> **EXERCISE**
Only the lines below between the one holding "Cross-country carnage: Exhausted" and the one holding "T-shirt voor kinderen", inclusive, are to be reproduced word for word; the pictures are to be left out.

> **INPUT RECORDS**
*** Block opens ***
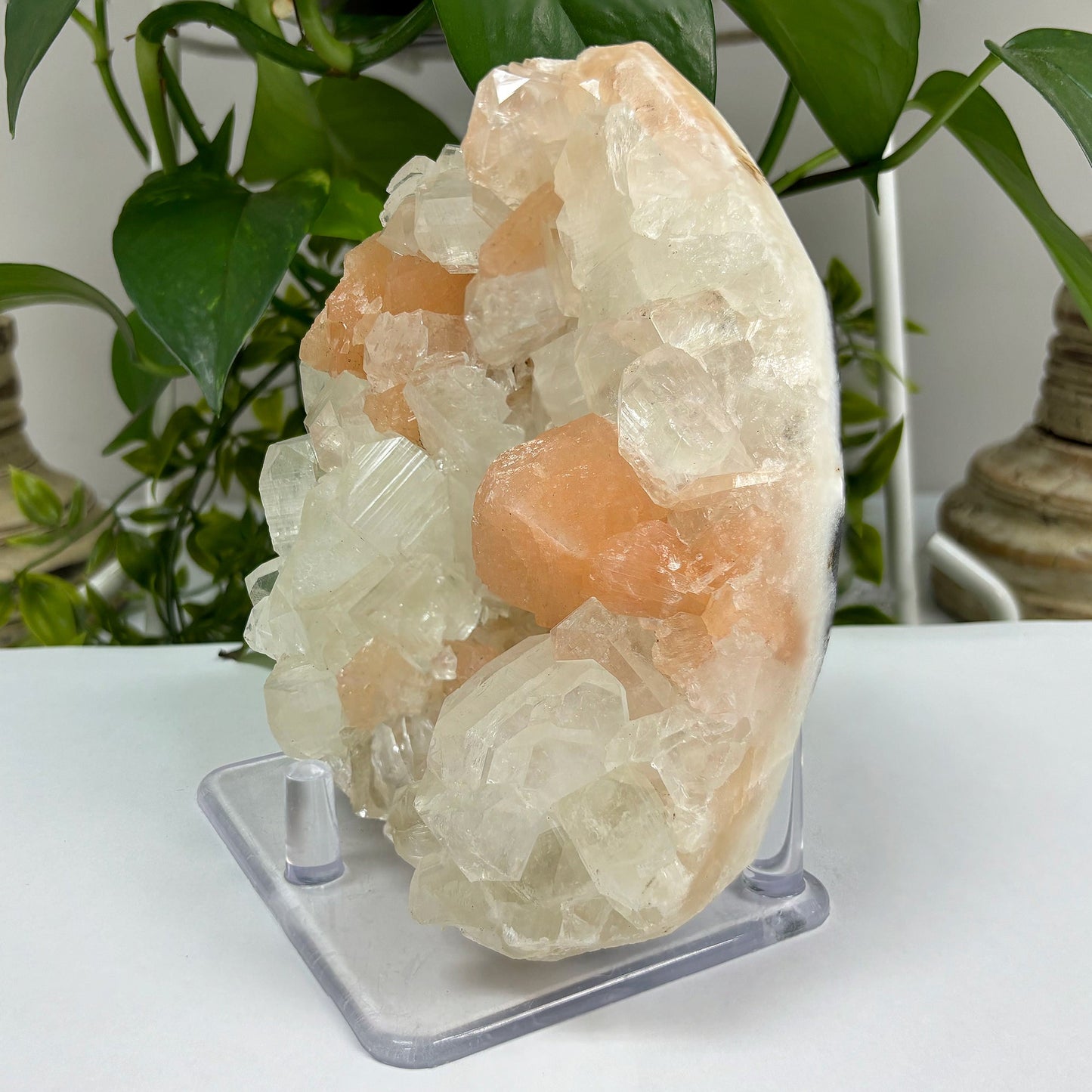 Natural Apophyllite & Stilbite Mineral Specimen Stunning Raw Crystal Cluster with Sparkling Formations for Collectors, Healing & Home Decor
*** Block closes ***
*** Block opens ***
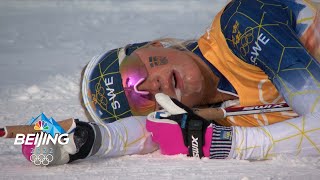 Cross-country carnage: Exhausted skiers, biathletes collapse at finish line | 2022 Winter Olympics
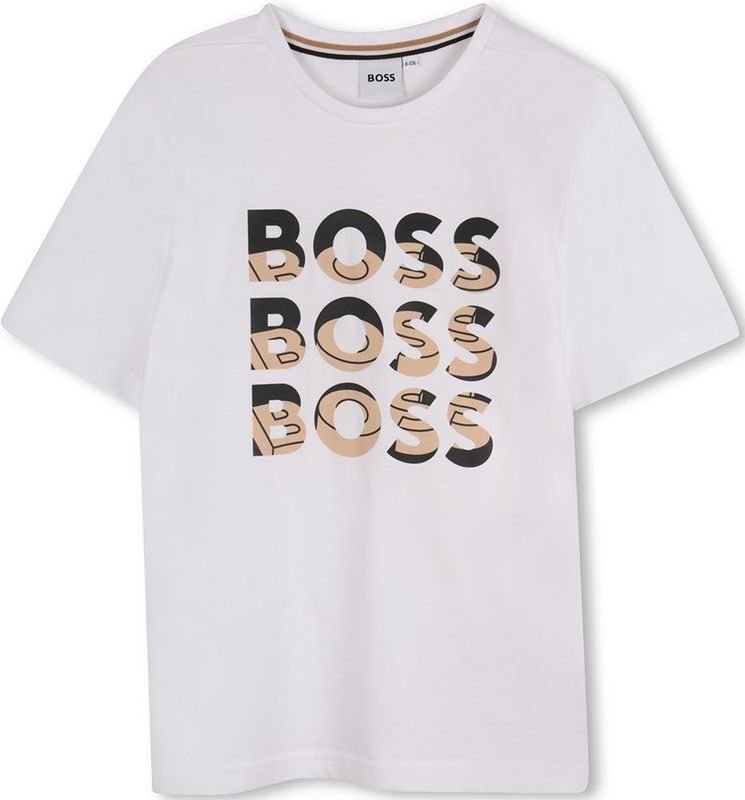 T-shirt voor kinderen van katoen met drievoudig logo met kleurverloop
*** Block closes ***
> **YOUR RESPONSE**
 Cross-country carnage: Exhausted skiers, biathletes collapse at finish line | 2022 Winter Olympics
 T-shirt voor kinderen van katoen met drievoudig logo met kleurverloop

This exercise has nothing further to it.